▶ What you should do:
For this exercise, output the entries below exactly from the line that holds "Used 2024 Nissan Rogue S FWD image 5" to the line that holds "Tiny photo for", both ends included. No pictures belong in the copy.
[Recorded information Boundary: Start]
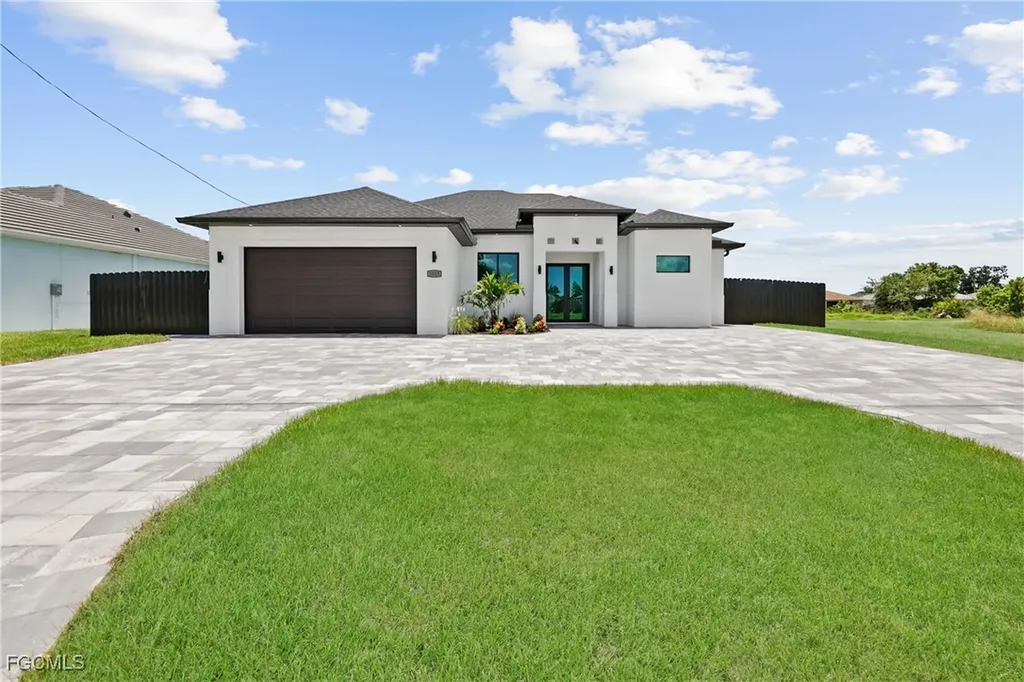 1015 NE 10th Place Cape Coral FL 33909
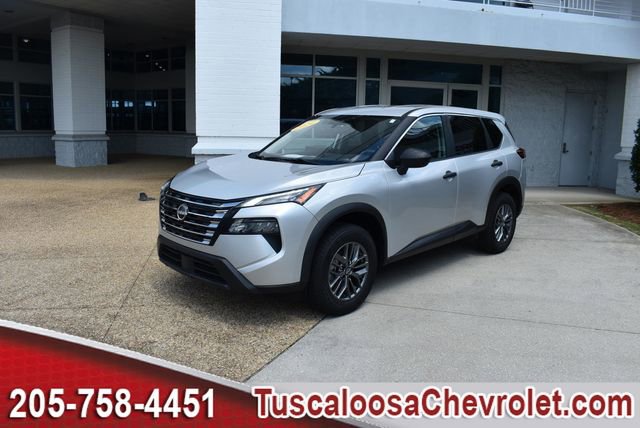 Used 2024 Nissan Rogue S FWD image 5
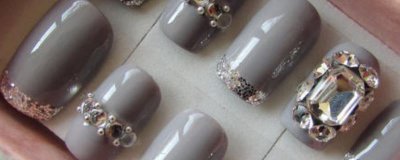 美甲甲片胶可以用什么代替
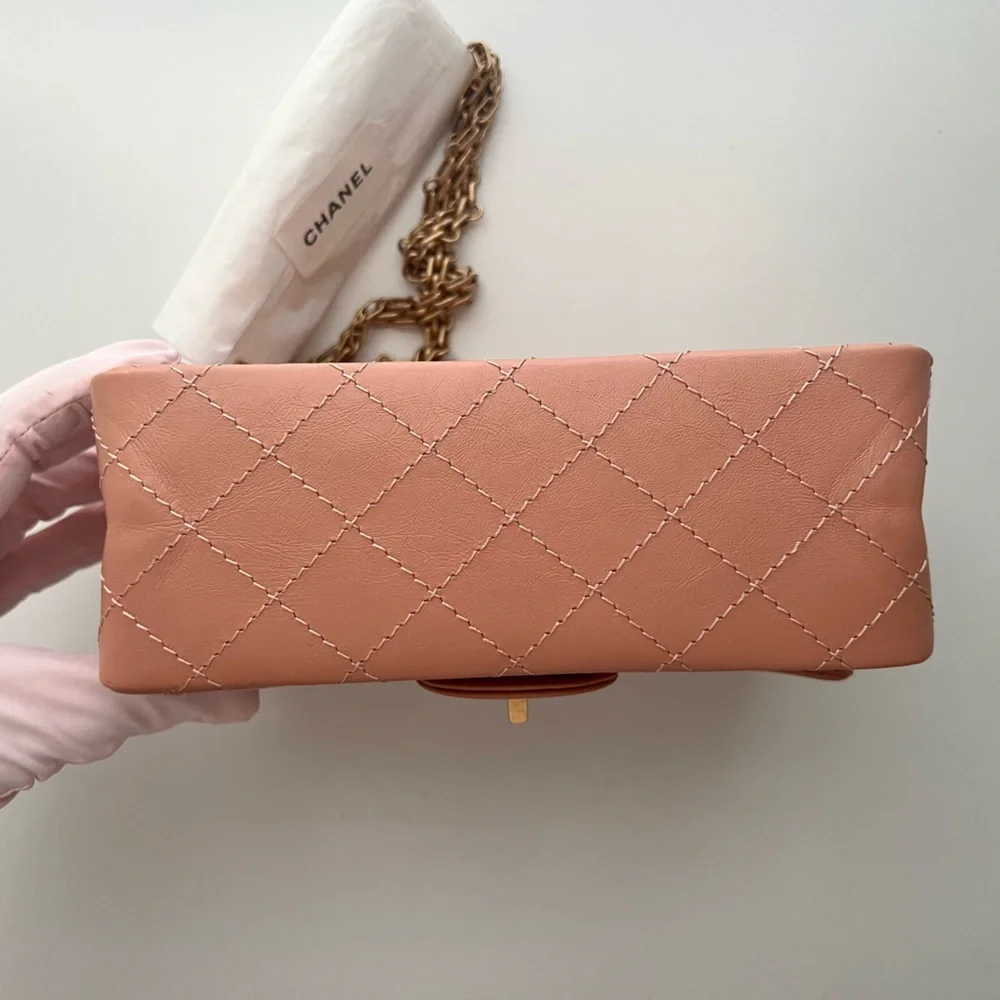 🔥CHANEL Reissue 2.25 Quilted Flap in Peace Pink Aged Calfskin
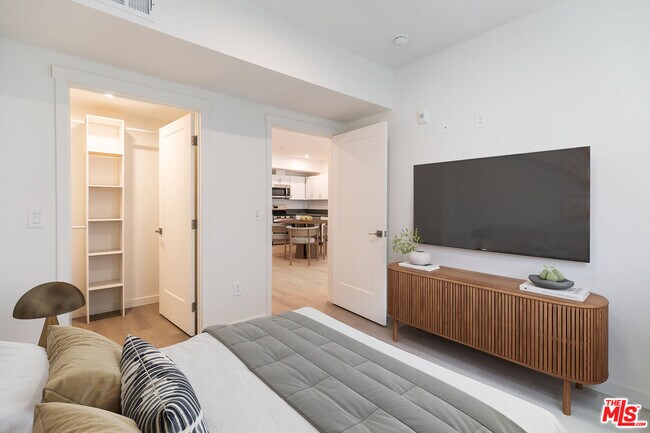Foto del edificio - 1227 N Berendo St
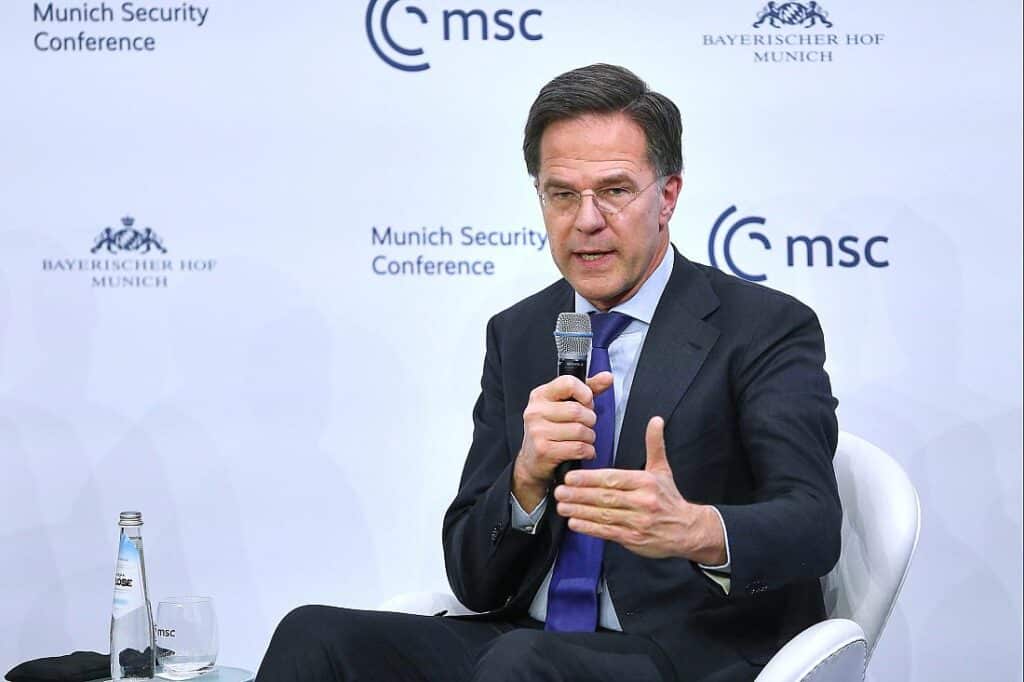Rüstung: Nato fordert Industrie zu zügigem Handeln auf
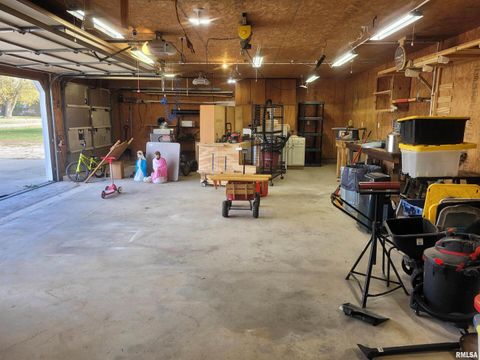 Tiny photo for 103 E Highline Road, Woodlawn, IL 62898 (MLS # EB460419)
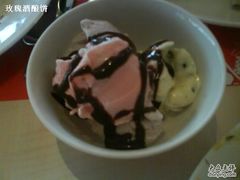 冰激凌-昆山琶拉帝诗酒店·河畔咖啡厅Riverside Cafe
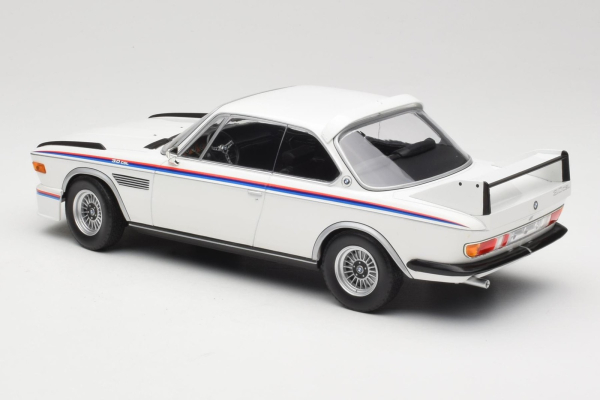 Minichamps 155028136 BMW 3.0 CSL E9 1971 weiss 1:18 Modellauto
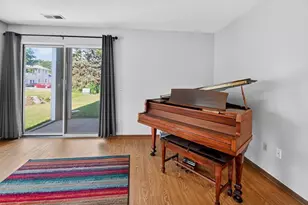952 Rockefeller Ln, Madison, WI 53704 - Photo 5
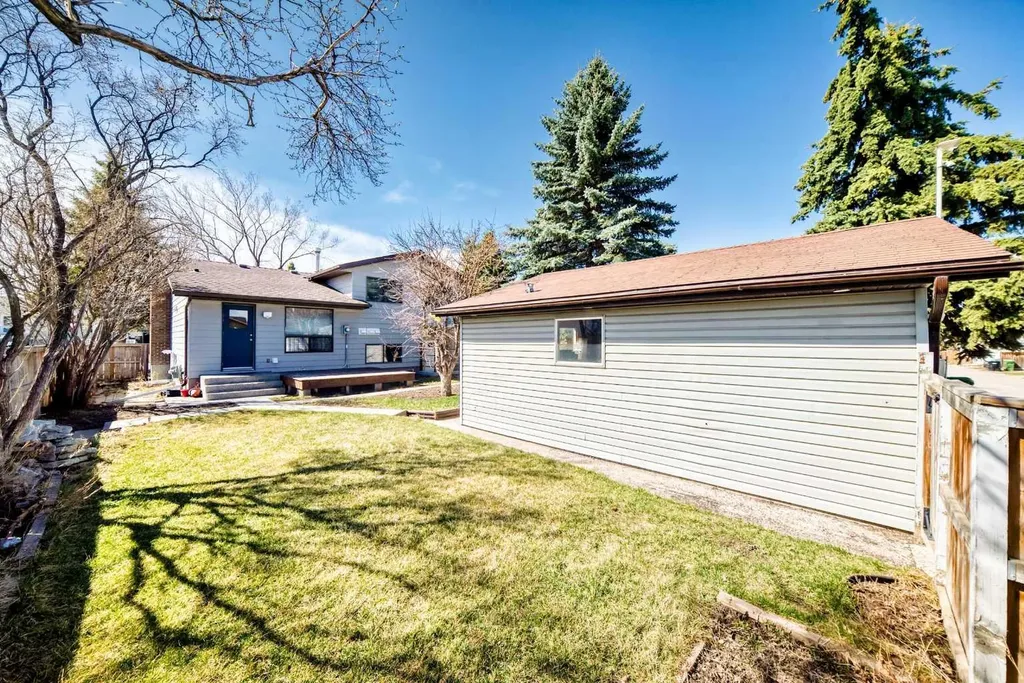 6840 4 Avenue NE Calgary AB T2A 6N3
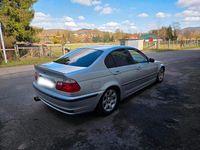 Gebraucht BMW 320 150 PS (110 kW) 1998 Silber Limousine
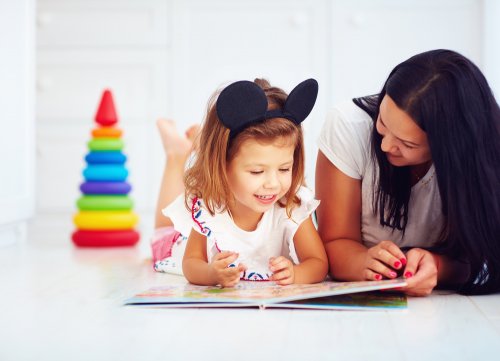 Madre leyendo un cuento con su hija.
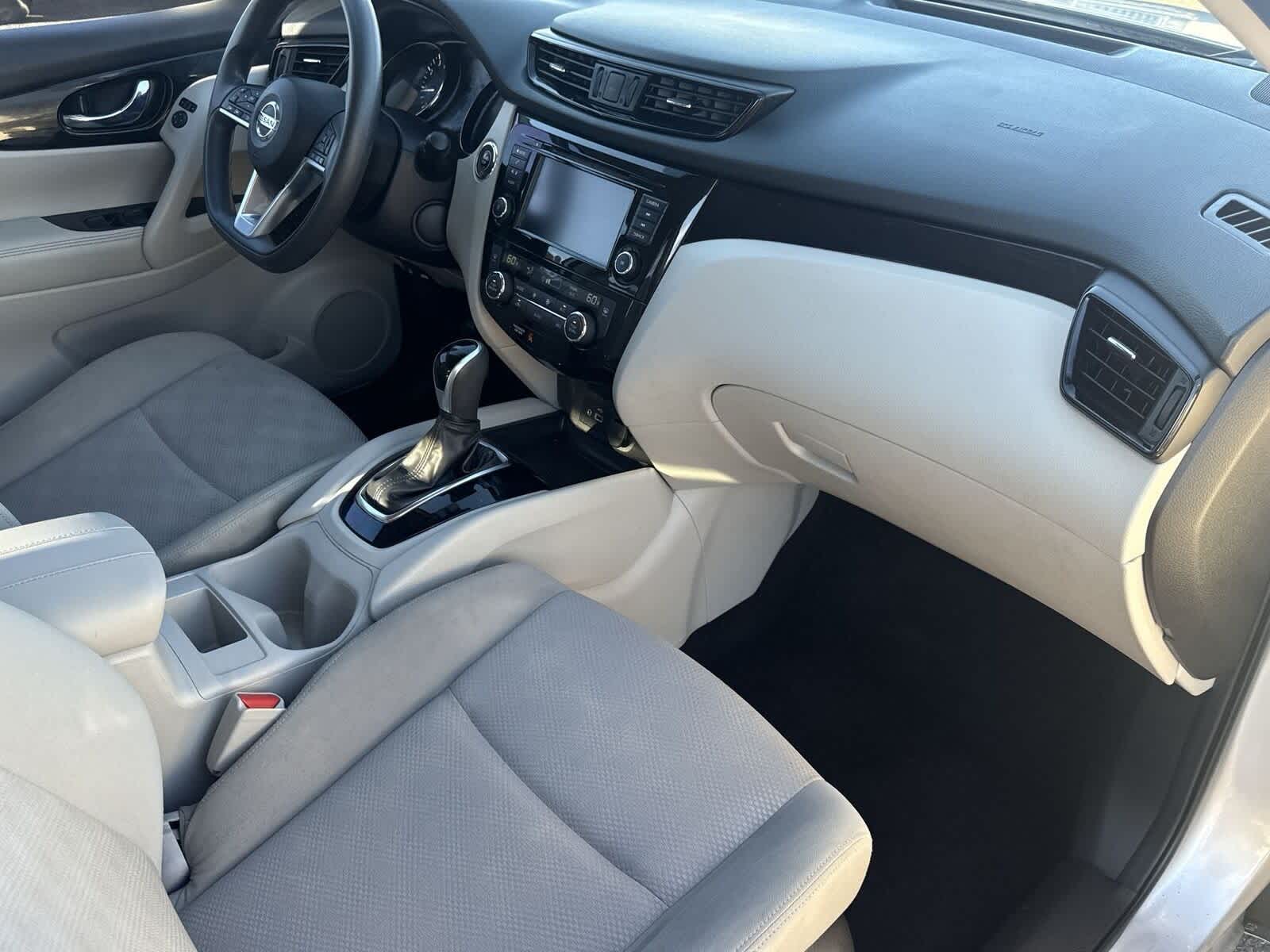 Thumbnail: 2020 Nissan Rogue Sport - 11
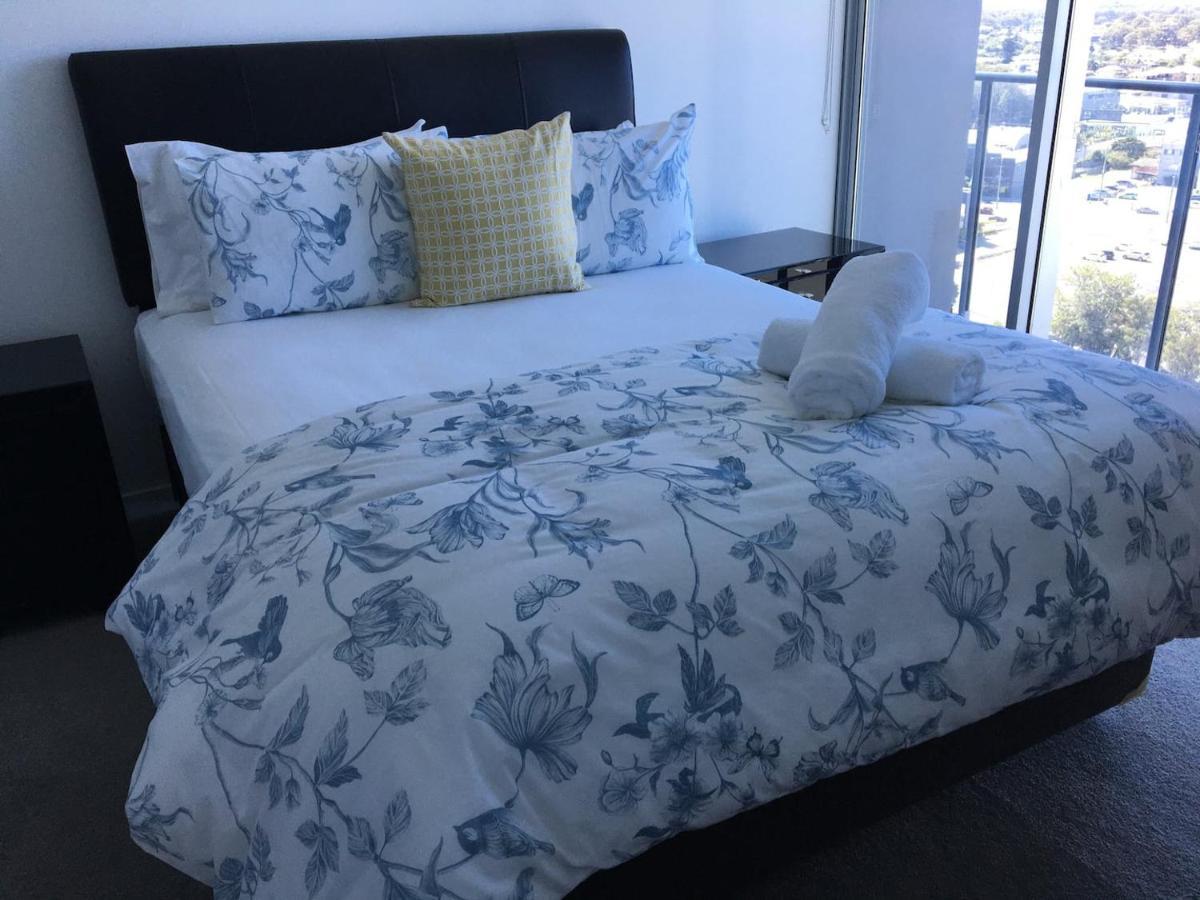 Three-Bedroom Apartment With Amazing View Near Surfers Paradise Gold Coast Exterior photo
[Recorded information Boundary: End]
▶ Your solution:
 Used 2024 Nissan Rogue S FWD image 5
 美甲甲片胶可以用什么代替
 🔥CHANEL Reissue 2.25 Quilted Flap in Peace Pink Aged Calfskin
Foto del edificio - 1227 N Berendo St
Rüstung: Nato fordert Industrie zu zügigem Handeln auf
 Tiny photo for 103 E Highline Road, Woodlawn, IL 62898 (MLS # EB460419)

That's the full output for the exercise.